Below are the records; return exactly the lines from the one with "4 Orange Mexican" through the final line, both included, minus any pictures.

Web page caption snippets
◆ ◆ ◆ ◆ ◆ ◆ ◆

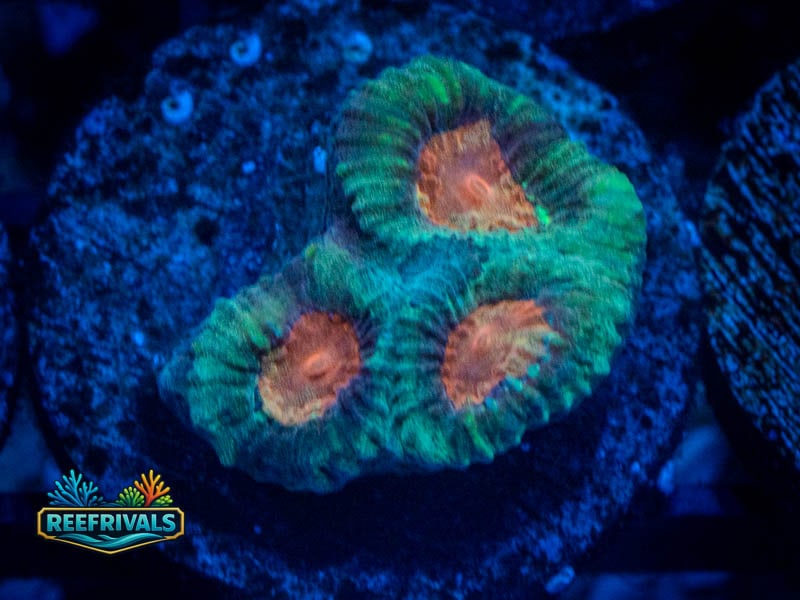 WWC Honeypot Favia coral image from ReefRivals, listed as Favia sp. and Favias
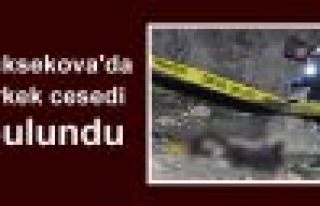 Yüksekova'da erkek cesedi bulundu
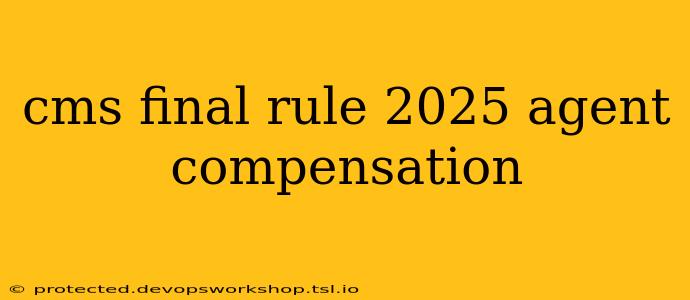 cms final rule 2025 agent compensation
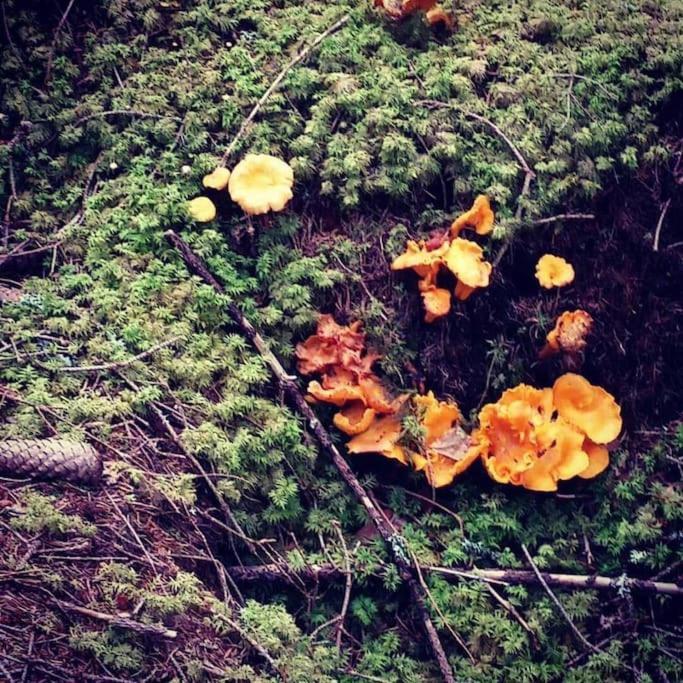 Photo 40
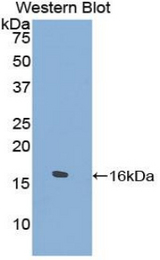 Western blot of recombinant TPSD1.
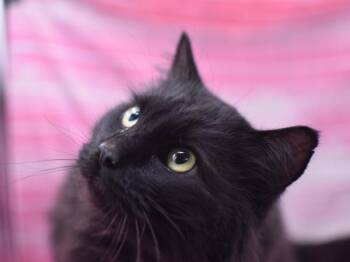 Domestic Medium Hair Cats Available for Adoption - Sherman | PetCurious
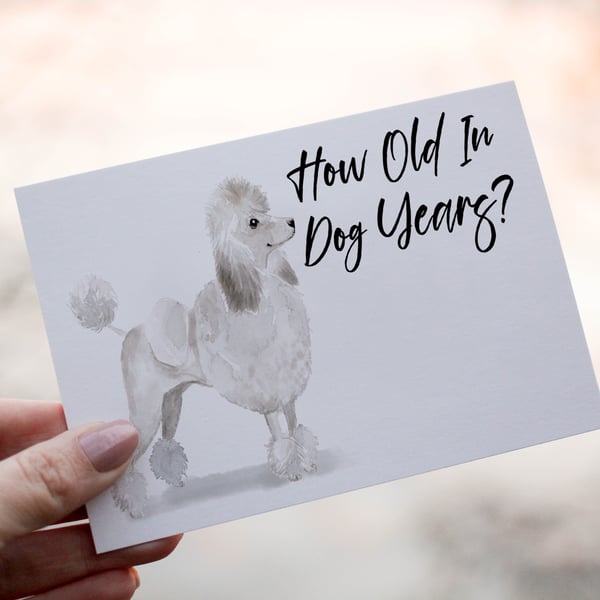 Poodle Dog Birthday Card, Dog Birthday Card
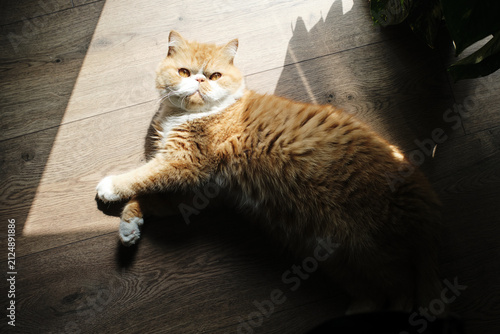 Foto Exotic shorthair cat enjoying sunlight on wooden floor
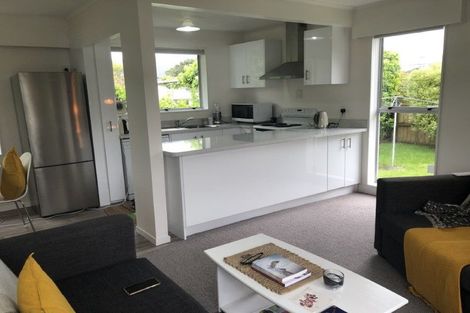 Photo of property in 66 Brunswick Street, Hutt Central, Lower Hutt, 5010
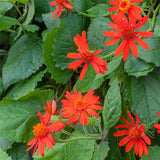 4 Orange Mexican Flame Vine Plants Live, 4-6 Inch Tall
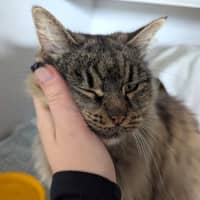 Photo of Fluffy
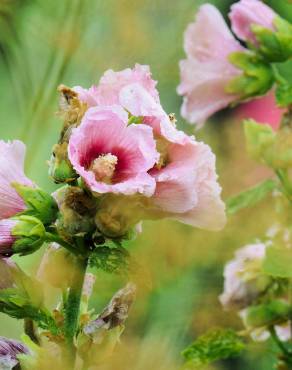 Fotografia 6 da espécie Alcea rosea no Jardim Botânico UTAD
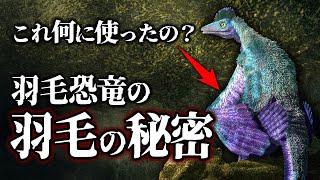 【ゆっくり解説】羽毛恐竜は何に羽毛を使ったのか？実は使い道がたくさんあるんです！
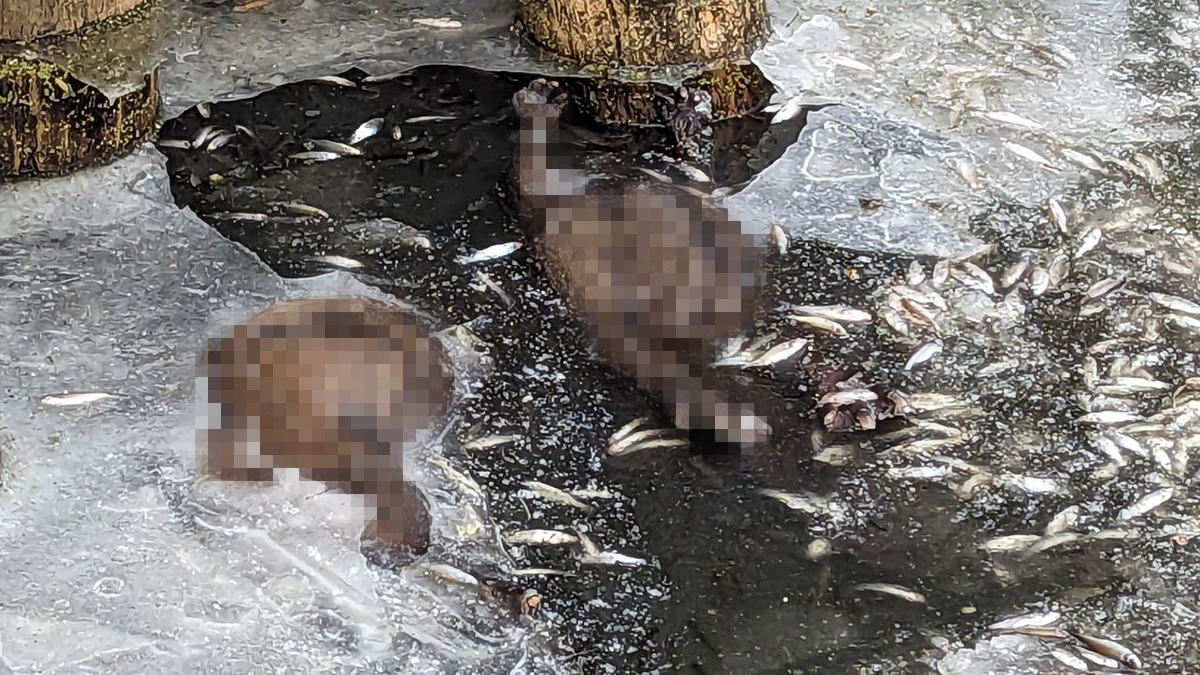 Массовая гибель бобров в Москве-реке: сколько тушек нашли и что стало причиной их смерти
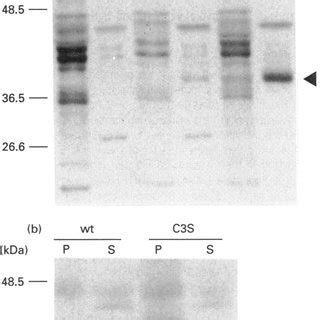 Palmitoylation Affects Hydrophobicity And Localization Of O A Cos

◆ ◆ ◆ ◆ ◆ ◆ ◆

● **Expected output**
 4 Orange Mexican Flame Vine Plants Live, 4-6 Inch Tall
 Photo of Fluffy
 Fotografia 6 da espécie Alcea rosea no Jardim Botânico UTAD
 【ゆっくり解説】羽毛恐竜は何に羽毛を使ったのか？実は使い道がたくさんあるんです！
 Массовая гибель бобров в Москве-реке: сколько тушек нашли и что стало причиной их смерти
 Palmitoylation Affects Hydrophobicity And Localization Of O A Cos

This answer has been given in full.